To address Raitt Baker’s second argument, the Supreme Court relied upon the holding from Houghton v. Tolman, 74 Vt. 467 (1902), a case that held that the remedies under a mortgage survive the extinguishment of the note. The Supreme Court makes it a point to re-affirm the holding from Houghton in that:

“…the statute of limitations does not extinguish the debt, but only bar the remedy; and that a mortgage has two independent remedies, one upon the note and one upon the mortgage …. the debt is not extinguished by barring the remedy on the note but continues to exist for all purposes of foreclosing the mortgage until that remedy is barred also….” Id. at 71.
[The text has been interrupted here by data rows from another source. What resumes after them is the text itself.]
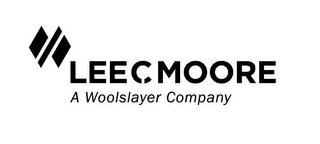 LEE C. MOORE A WOOLSLAYER COMPANY 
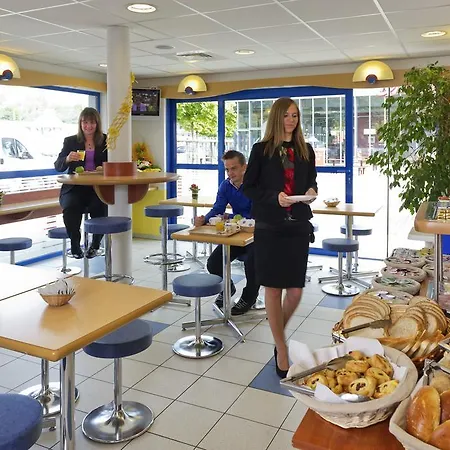 Ibis Budget Aachen Grenze Hotel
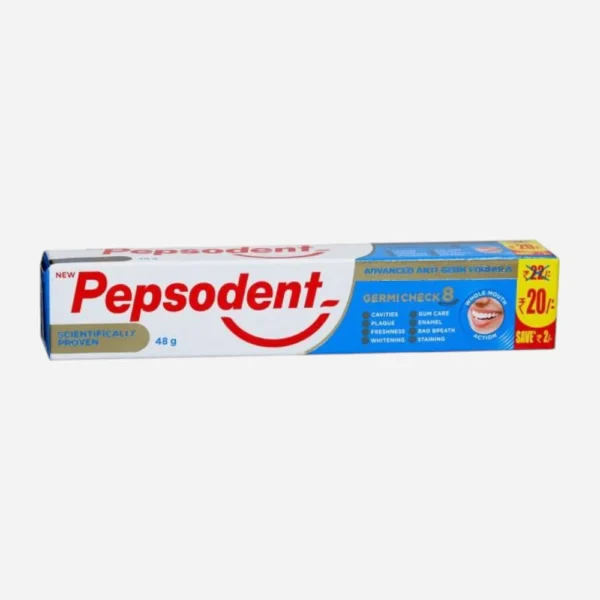 PEPSODENT ADVANCE 48 GM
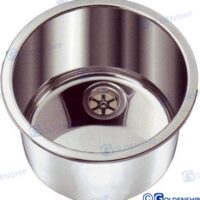 EVIER ROND 260 X 180MM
The Supreme Court pointed out that statutes of limitation are intended to ensure that a defendant can “be secure in their reasonable expectation that the slate has been wiped clean of ancient obligations”. Id. at 72. Further, , that the defendant’s “reasonable expectations” are that they are bound to the terms of the mortgage for a period of fifteen years after the debtor defaulted on the mortgage. Id.

The mortgage at question in this case contained the foreclosure by power of sale provision, and though Raitt Baker tried to argue that even if the mortgage survived, the remedy did not, as power of sale was only for collection of money. The Court did not agree with that argument. Raiit Baker was relying on Houghton v. Tolman, 74 Vt. 467, (1902), which the Court distinguished and noted that since 1902 and that holding, the Vermont legislature created power of sale for remedies in mortgages so long as they were explicitly included, and therefore the statute of limitation in mortgages would have to apply to this remedy contained in the mortgage. Id at 73. Thus, it was reasonably expected that it was a possibility that that it could be triggered. Id.

The holding in this case is important because it tells us that for mortgages of record, especially mortgages that appear to be old and otherwise undischarged, we cannot simply ignore them just because the note may not be unenforceable. There is a 15-year statute of limitations for re-entry of land under (see 12 V.S.A. §502), thus a mortgage can still be enforced unless we know for certain we are 15 years past the date of final maturity.

The information contained in this document was prepared by First American Title Insurance Company (“FATICO”) for informational purposes only and does not constitute legal advice. FATICO is not a law firm and this information is not intended to be legal advice. Readers should not act upon this without seeking advice from professional advisers.